Article 370 of the Indian Constitution discusses the special status of the Jammu and Kashmir state. Article 370 was inserted in Part XXI of the Indian Constitution. Article 370 of the Indian constitution grants special status to the State of Jammu and Kashmir in terms of the application of laws.

However, the exception lies in laws that are related to external affairs and matters related to defence. The state has the power to have its own constitution and a separate flag and to deny property rights in the region to outsiders, which ultimately means that the state's citizens shall live under different laws, rules and regulations than the laws applicable in the Union of India.

History Of Formulation Of Article 370

On 26th October 1947, an Instrument of Accession,1947 was signed between Maharaja Hari Singh and the Government of India. After this, Jammu and Kashmir became part of India.

On 17th October 1949, Article 370 was incorporated into the Constitution of India. Finally, on 26th January 1950 the Constitution of India came into effect, and so did Article 370 of the

Constitution. Article 1 of the Indian Constitution declares Jammu and Kashmir as the State of India. Article 370 of the Indian Constitution talks about the temporary status of Jammu and Kashmir.

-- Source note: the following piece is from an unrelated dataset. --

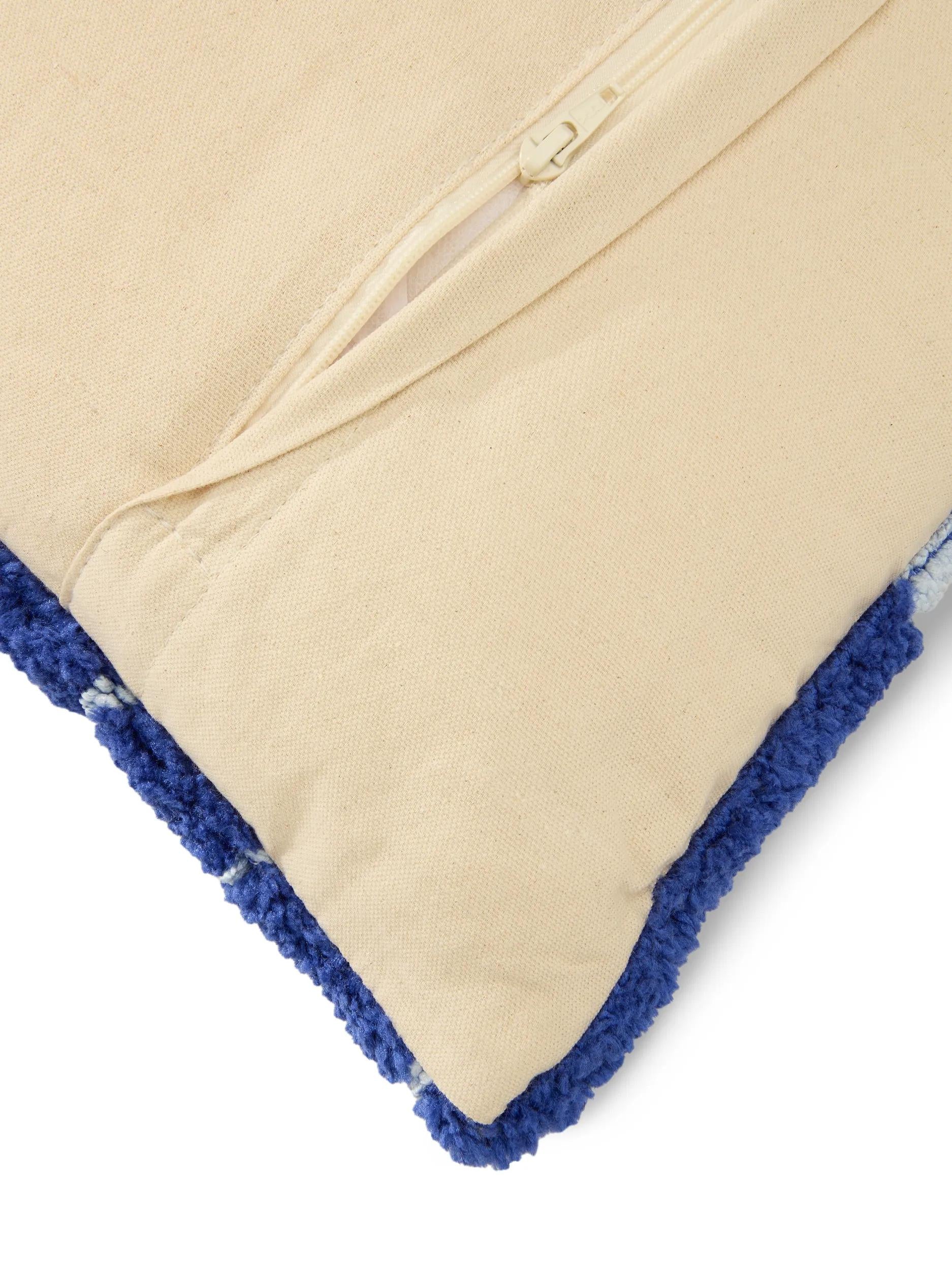 Cushion Ally Blue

The Constitution Of Jammu And Kashmir Came Into Effect

On 14th May 1954, a presidential order named 'The Constitutional Application to Jammu and Kashmir's order, 1954 was passed by Dr. Rajendra Prasad. Article 35 A was included in the Constitution through this presidential order defines "permanent residents" of the state. Next, on 17th November 1957, the constitution of Jammu and Kashmir came into force.

The Constitution of Jammu and Kashmir also entails that Jammu and Kashmir are also an integral part of India.

Instability Of Governance In Jammu And Kashmir

The Armed Forces Special Powers Act, of 1990 was imposed and has been in force since then. In the year 2015, Bhartiya Janta Party (BJP) formulated a government in Jammu and Kashmir in coalition with Peoples Democratic Party (PDP). Later in the year 2016, Mehbooba Mufti was crowned as the Chief Minister of Jammu and Kashmir.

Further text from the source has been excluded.